Most people who suffer from allergies develop eye symptoms which can include itchy, red, tearing, and swollen eyes. Severe eye allergies can leave eyes vulnerable to infections, so tell us if you are experiencing prolonged or severe symptoms. Sometimes medications taken for allergies can lead to a dry eye condition.


Dry Eye

Hormonal changes, medications, some diseases, contacts, and even the weather can cause dry eye conditions. If this is a transient problem, OTC artificial tears may help. More often, dry eye symptoms occur because you may not be making the right quantity or quality of tears. As there are many types and treatments, we recommend seeking our care before self-medicating for dry eye.


Floaters


Those irritating black spots that appear and float around your line of vision occur when small bits of material known as vitreous naturally break away. While floaters are common and harmless at times, they could be a symptom of an impending retinal emergency if they are accompanied by flashes or and are frequent.
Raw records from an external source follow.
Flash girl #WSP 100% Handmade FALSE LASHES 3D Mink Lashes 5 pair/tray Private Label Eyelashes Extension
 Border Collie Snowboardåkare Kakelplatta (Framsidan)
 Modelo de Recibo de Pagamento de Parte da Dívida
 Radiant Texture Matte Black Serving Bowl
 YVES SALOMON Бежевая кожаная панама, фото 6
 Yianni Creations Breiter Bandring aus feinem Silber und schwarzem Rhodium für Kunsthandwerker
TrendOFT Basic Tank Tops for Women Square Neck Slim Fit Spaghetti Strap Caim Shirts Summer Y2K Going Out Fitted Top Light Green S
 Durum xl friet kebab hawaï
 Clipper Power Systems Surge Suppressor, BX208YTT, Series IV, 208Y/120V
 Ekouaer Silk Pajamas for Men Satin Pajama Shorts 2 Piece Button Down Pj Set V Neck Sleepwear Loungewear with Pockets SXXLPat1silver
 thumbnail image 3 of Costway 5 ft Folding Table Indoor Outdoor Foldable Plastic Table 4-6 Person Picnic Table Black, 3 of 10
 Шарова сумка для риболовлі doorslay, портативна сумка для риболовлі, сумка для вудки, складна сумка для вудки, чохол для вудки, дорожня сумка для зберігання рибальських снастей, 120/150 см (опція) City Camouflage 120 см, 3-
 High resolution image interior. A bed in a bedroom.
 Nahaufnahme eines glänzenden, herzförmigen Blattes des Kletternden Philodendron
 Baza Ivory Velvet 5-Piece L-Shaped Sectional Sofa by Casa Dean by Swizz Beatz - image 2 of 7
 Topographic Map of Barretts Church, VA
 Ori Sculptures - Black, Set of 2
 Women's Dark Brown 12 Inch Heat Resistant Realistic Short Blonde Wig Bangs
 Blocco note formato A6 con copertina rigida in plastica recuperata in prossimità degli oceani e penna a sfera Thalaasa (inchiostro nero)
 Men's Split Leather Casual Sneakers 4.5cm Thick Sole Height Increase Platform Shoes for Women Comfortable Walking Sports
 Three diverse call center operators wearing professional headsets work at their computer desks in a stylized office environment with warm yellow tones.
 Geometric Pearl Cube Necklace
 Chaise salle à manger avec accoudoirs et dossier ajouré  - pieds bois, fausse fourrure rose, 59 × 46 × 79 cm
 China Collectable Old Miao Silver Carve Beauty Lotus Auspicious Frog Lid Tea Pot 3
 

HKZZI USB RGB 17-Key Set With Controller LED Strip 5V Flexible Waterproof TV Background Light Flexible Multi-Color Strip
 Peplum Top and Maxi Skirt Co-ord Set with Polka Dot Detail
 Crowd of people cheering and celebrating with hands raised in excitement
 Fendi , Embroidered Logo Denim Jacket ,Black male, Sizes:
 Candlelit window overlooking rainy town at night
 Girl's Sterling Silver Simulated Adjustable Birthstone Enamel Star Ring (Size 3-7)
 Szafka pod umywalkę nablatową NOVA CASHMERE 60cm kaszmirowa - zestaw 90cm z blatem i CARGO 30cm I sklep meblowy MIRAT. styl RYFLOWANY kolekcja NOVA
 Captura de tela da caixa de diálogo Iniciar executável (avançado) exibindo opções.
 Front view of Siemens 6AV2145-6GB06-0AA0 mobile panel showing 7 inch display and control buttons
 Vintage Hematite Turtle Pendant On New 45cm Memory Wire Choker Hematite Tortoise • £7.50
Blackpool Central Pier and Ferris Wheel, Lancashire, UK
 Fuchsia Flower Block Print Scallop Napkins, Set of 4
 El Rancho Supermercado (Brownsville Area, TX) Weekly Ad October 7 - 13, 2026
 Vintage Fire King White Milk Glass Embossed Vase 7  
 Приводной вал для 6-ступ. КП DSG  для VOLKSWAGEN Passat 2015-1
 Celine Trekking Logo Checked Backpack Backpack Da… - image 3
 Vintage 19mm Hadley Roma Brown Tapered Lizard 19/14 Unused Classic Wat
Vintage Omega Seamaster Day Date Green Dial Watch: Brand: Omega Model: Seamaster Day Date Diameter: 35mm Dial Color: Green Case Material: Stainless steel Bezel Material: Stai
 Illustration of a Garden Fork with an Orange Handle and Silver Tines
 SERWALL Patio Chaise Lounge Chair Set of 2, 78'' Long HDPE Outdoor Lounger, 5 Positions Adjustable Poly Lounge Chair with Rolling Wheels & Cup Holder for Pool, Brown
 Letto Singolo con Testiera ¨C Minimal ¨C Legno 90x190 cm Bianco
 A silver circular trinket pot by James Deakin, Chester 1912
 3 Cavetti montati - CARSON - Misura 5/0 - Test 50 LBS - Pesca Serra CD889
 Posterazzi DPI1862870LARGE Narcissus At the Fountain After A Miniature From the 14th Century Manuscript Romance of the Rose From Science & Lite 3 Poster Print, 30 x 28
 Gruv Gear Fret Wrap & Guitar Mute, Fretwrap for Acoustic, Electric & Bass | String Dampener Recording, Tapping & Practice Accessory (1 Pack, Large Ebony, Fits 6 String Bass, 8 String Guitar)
Approximately 1% of flashes and floaters lead to retinal detachments, but no one should ignore the symptoms.


Light Sensitivity


Some people are naturally more sensitive to light than others, but sudden light sensitivity may occur as a result of eye conditions or illnesses associated with viruses or chronic migraine conditions. Sunglasses should be worn by everyone to help reduce the light sensitivity when outside. If there is a sudden onset of this problem, consult us so we might determine the underlying problem.

Pink Eye


The dreaded and highly contagious pink eye is a symptom of conjunctivitis, and it is one of the most common eye problems which affect children. Treatment for pink eye includes medicated drops and warm compresses and/or lubricating drops to make the eyes more comfortable. Causes of pink eye include viruses, bacteria, allergies, and some irritants such as smoke and pool chlorine. Pink eye should be treated immediately as it can be a vision-threatening infection. Pink eye can even affect newborns.

Styes and Chalazions


It can be difficult to tell the difference between a stye and a chalazion. A stye is very painful. It often appears at the eyelid’s edge, usually caused by an infected eyelash root. It often swells, sometimes affecting the entire eyelid. A chalazion is not usually painful. It is a bump that usually develops farther back on the eyelid than a stye. It is caused by a clogged oil gland. Rarely does it make the entire eyelid swell. You should make an appointment for us to treat either of these.

Twitching


Twitching is often caused by eyestrain, but it can also be caused by too much caffeine, dry eyes, or even allergies. Eye twitches are usually brief and tend to disappear without treatment. If you experience prolonged twitches, you should let us know.

Vision Problems


The most common of all eye problems are vision problems which need to be corrected with eyeglasses or prescription contacts. Children’s vision problems are often not caught until grades begin to fall or they begin to complain about not being able to “see the board.” Often children complain of headaches, and they should always be evaluated by an eye care professional. Approximately 5-10% of preschoolers and 25% of school-age children have vision problems. Recommended ages for child exams are at six months, three years, and for 5-6-year-olds, just before kindergarten.